━━ Source material

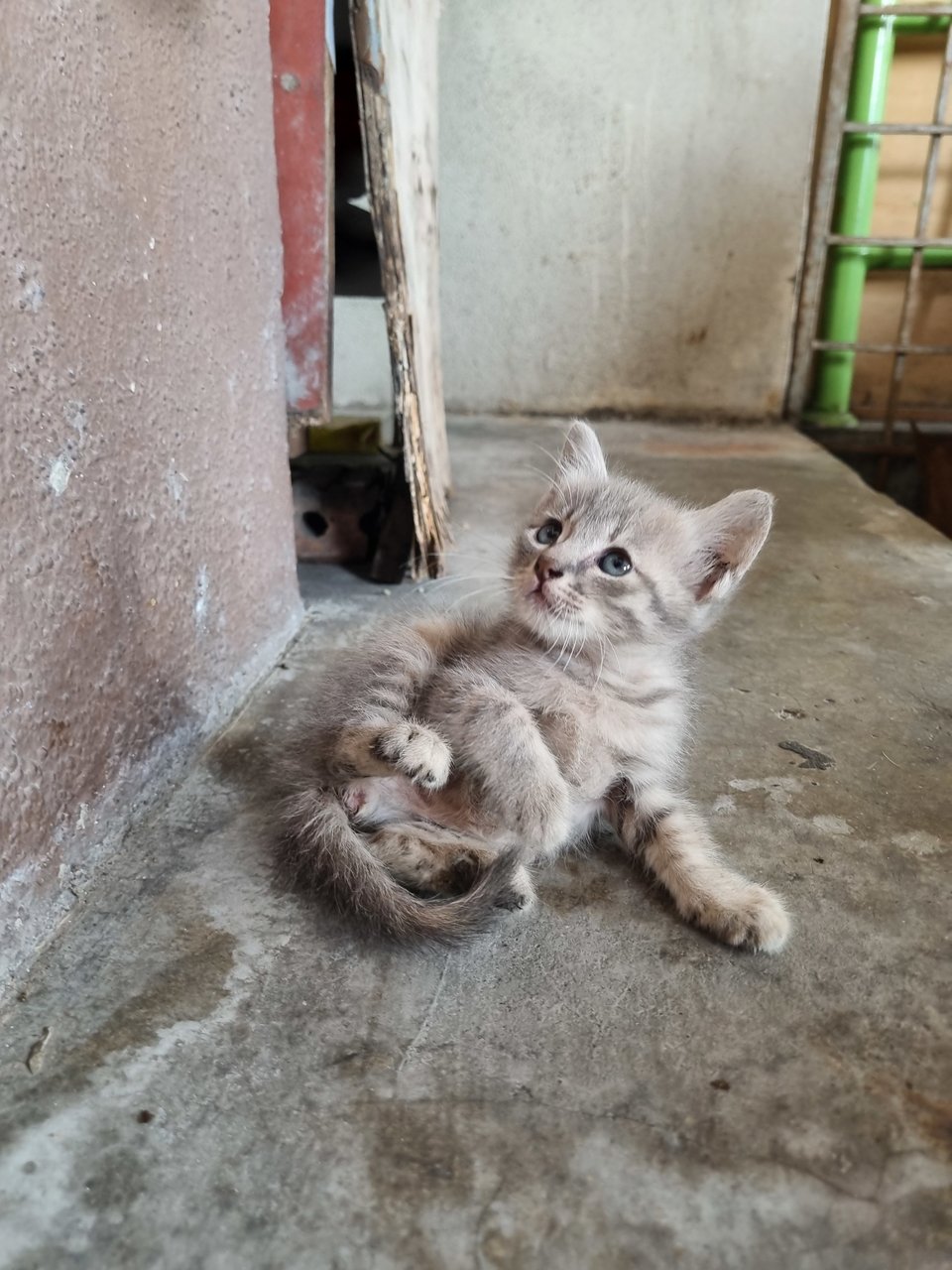 Janson - Tabby Cat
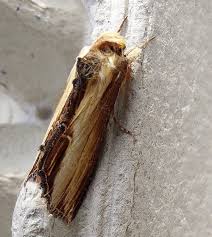 Attēlu rezultāti vaicājumam “Cucullia verbasci”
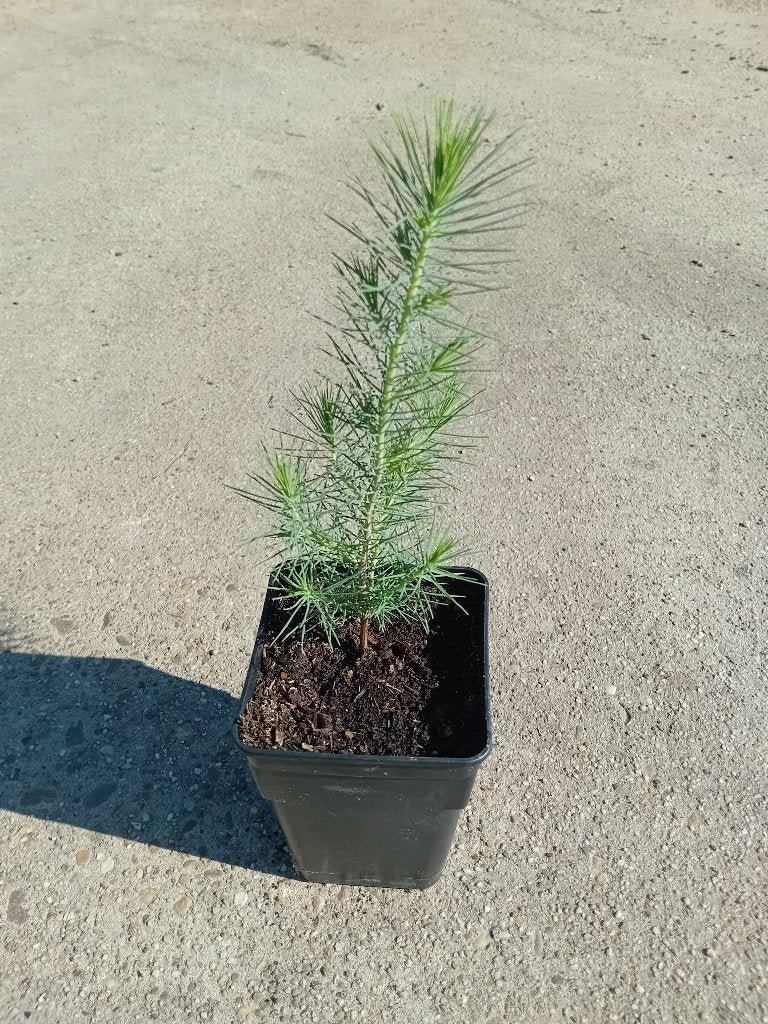 Pinus Halepensis, Overige soorten, Volle zon, Vaste plant, Ophalen of Verzenden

━━━━

_Your goal_
From the line containing "Attēlu rezultāti vaicājumam" through the last line of the material above, write out each line exactly, leaving aside all pictures.

_Output for this exercise_
 Attēlu rezultāti vaicājumam “Cucullia verbasci”
 Pinus Halepensis, Overige soorten, Volle zon, Vaste plant, Ophalen of Verzenden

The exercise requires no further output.